At 11:11 11/09/2002 +0100, Aquarion wrote:
>Secondly, from my perspective it is pointless. Yes, grabbing the head is
>faster, but not enough to justify it. For example:
>
>Example one, someone uses the X-Pingback:
>
> Open connection.
>
> Get head.
>
> Parse head for X-Pingback.
>
> Suceed. link. Yay.
>
>
>Example two: Someone is using the <link> (Which I suspect will be the
>most popular idea)
>
> Open Connection
>
> Parse Head
>
> Fail
>
> Open connection, read each line:
> if I find link, succeed, Drop connection, Yay.
> Or:
> Read next line.
> (Read fifty lines || EOF) drop connection.
>
>Example Three: Ignoring X-Pingback.
>
> Open connection, read each line:
> if I find link, succeed, Drop connection, Yay.
> Or:
> Read next line.
> (Read fifty lines || EOF) drop connection.
>
> (Which is what I'm doing now.
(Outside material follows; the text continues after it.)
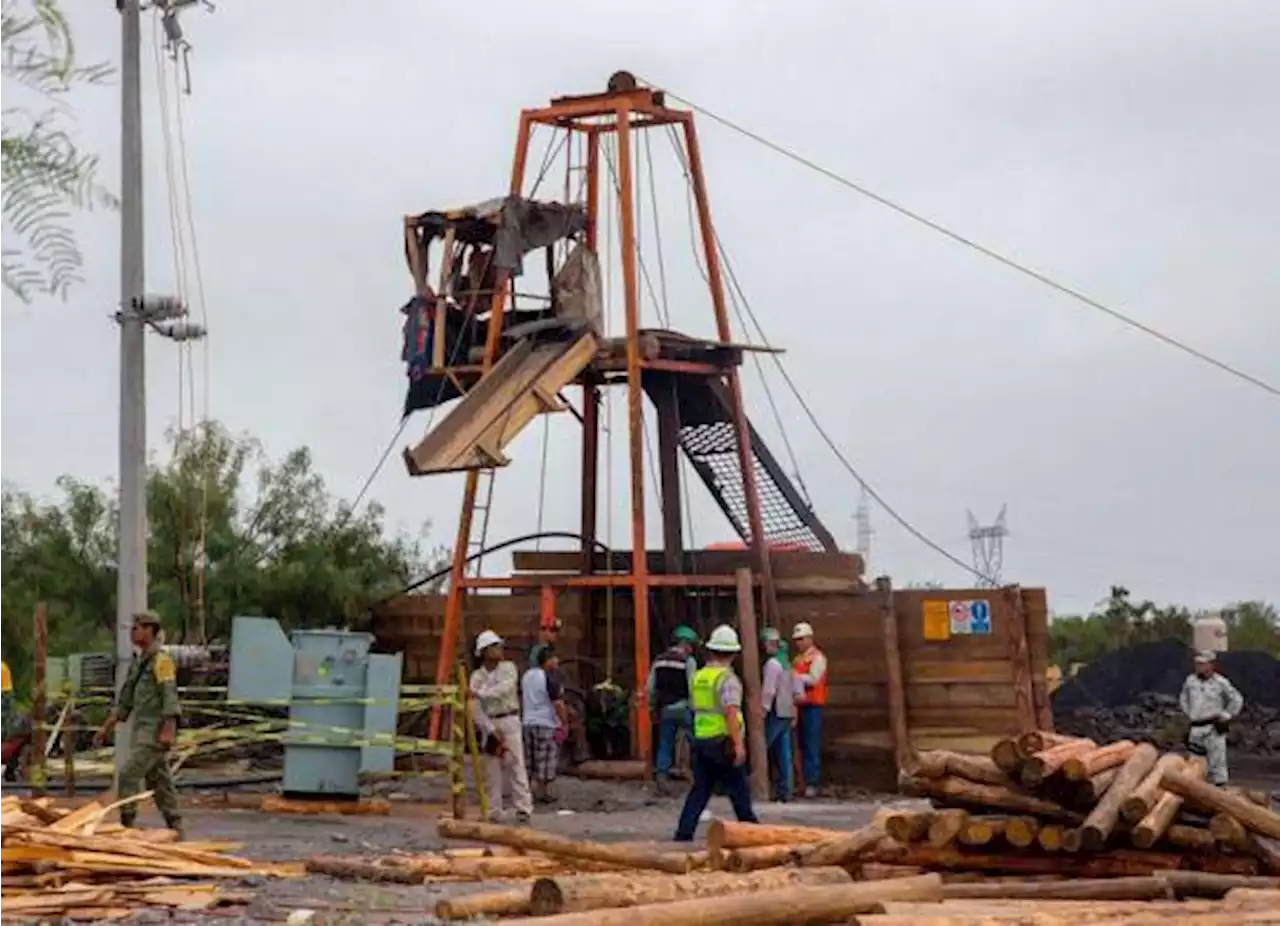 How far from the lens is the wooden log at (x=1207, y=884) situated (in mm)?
14016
The In Production version scans for
> "X-Pingback" as it's looking for <link>)
>
>My problem with the header is that the advantages it brings do not
>outweigh the disadvantages, which is that if I try to take advantage of
>the advantages, it makes the "standard" method take longer, and that it
>involves playing with either headers or server configs, neither of which
>an ordinary web-page should have to do.

My PingBack client implementation has a "autodetect" method that does the
following:

1. Send GET request
2. Start parsing headers
3. For first line, check status code if other than 200, return false
4. If X-Pingback header found, kill the connection and return the server
5. If Content-Type header found, save content-type
6. If end of headers found, check saved content-type - if it isn't
text/html or application/xml+xhtml, return false
7. Start parsing the HTML document
8. If <link rel="pingback" element found, return server
9. If </head> tag found, return false
10. If <body> tag found, return false
11. If end of document found, return false

I should probably put a size / number of line limiter in there as well so
that it gives up after a certain number of lines / amount of bytes
downloaded. The code is available to anyone who emails me and asks for it,
and I plan to open source it as soon as I'm confident it works well enough.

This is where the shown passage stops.